Está num jatinho que vai de Macapá a Belém, a cinco dias do segundo
turno das eleições de 2002. A cena
faz parte de "Entreatos", o documentário dos bastidores da campanha petista, dirigido por João Moreira Salles e lançado em 2004.
Se o diagnóstico já estava certo,
hoje parece ainda mais verdadeiro.
Até por isso, enquanto a biografia
romanceada de Lula, by Barretão,
não chega às telas, não perde tempo
quem se dispuser a assistir ao filme
em que o próprio candidato representa seu personagem.
Hoje, o que mais chama a atenção
em "Entreatos" é a capacidade que
Lula teve de sobreviver a seus coadjuvantes. Praticamente todos encolheram ou foram banidos do poder.
O protagonismo do presidente, em
contrapartida, só aumentou.
É curioso rever Mercadante, o
maior papagaio de pirata, usando a
câmera como um espelho, no qual
contempla seu ego irrevogável. Ou
lembrar de Zé Dirceu, para quem a
câmera parece sempre uma intrusa,
pondo em risco segredos & negócios de Estado. Deu no que deu.

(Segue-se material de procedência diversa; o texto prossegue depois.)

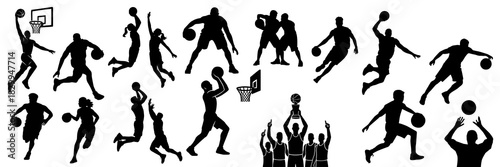 Vector Basketball Player Silhouettes – Basketball Action Silhouette Set, Sports Vector Icons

Palocci, Gushiken, Duda Mendonça, Silvinho Pereira, Frei Betto,
Ricardo Kotscho -todos os que
aparecem ao redor de Lula de alguma forma fizeram água. Dilma, na
época, não existia politicamente. E
Delúbio, que existia até demais, não
surge em cena, quem sabe por isso.
Fica claro em "Entreatos" que
Lula já tinha perfeita noção de seu
tamanho histórico. Mas também fica patente que ninguém ali sabia
bem o que iria fazer no governo.
De certa forma, o enredo da comunhão nacional que vivemos hoje, cuja síntese apoteótica está na figura do próprio Lula (o filho do
Brasil), é uma criação do ator eclético e camaleônico que ele soube ser.
Quanto de ficção e quanto de realidade? Fernando Meirelles disse
há pouco que "Lula é o melhor ator,
não sei se o melhor presidente". Na
falta de um país, já temos um filme.